Today I watched Gunjan Saxena: The Kargil Girl, with my four and a half years old girl sitting next to me and what an emotional roller coaster it turned out to be!
This movie portrays perfectly what a woman has to go through if she wants to be someone nobody expects her to become. People around her, including women will fight her, discourage her, patronize her, try to change her mind and if all this won’t work they will try to sabotage her reputation, her career, her growth – because they are scared, jealous, and can’t wrap their mind around the fact that a woman is also a person who has every right to be what she wants to be. You can’t restrain her in the pre-defined roles.
It was heart wrenching to watch how Gunjan was forced in a corner in her training camp and was bullied in so many ways, just because she was a woman who dreamt a different dream which most men didn’t approve of. Although the IAF is claiming that certain situations shown in the movie are misleading and are not portrayed correctly, that’s beside the point. Maybe that was not how it was for Gunjan, maybe she was treated with respect and was given equal opportunity to learn and perform in Indian Air Force, but we know that that’s not how it is everywhere.
A woman, if she wants to make it big, has to first fight with her family. She has to first convince them that she doesn’t want the same things that the society expects every woman to want. Then if she is lucky enough to get the support of her family members, she has to go ahead and do double the hard work for an equal opportunity to prove her worth and talent, because as shown in the movie this society has made these generalizations about women- that they are emotional, they are weak, they can’t put in the same hours, they are not good managers etc.
Yes, all the above things might be true for many women (and men too) but have you for once stopped and analyzed if they are true for the woman in question? Have you even once considered that you are being presumptuous and not treating her as an individual person but merely as a ‘representative’ of her gender?
It’s same as saying that no man is sensitive, all men are strong, hardworking and sole bread winner of the household.
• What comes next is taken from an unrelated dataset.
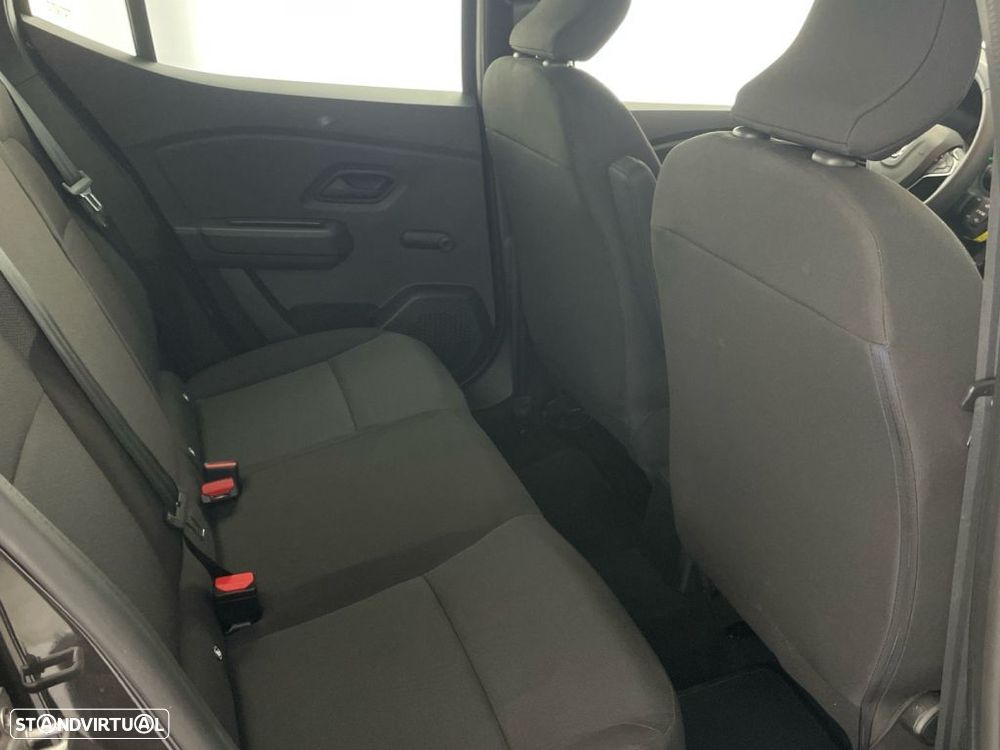 Dacia Sandero 1.0 SCe Essential - 24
Why we must prove it to our parents, our husbands, our children and even to ourselves that we can pursue our monumental goals and can still be their daughter, wife and mom? Why we are made to choose? Why we are not encouraged to go for it, to break the cage and fly away, as Gunjan was by her father, her guardian angel in the film?
Gunjan Saxena reminded me of all these struggles and how far we have come as women, and what it took for the generations of women before us to make it possible for us to enter so many fields and professions without facing any prejudice and doubts. I felt proud to be a woman and motivated, to help my little girl grow into a fearless girl who has the right to be what she wants to be, not what anyone expects her to be and, that no one includes me as well.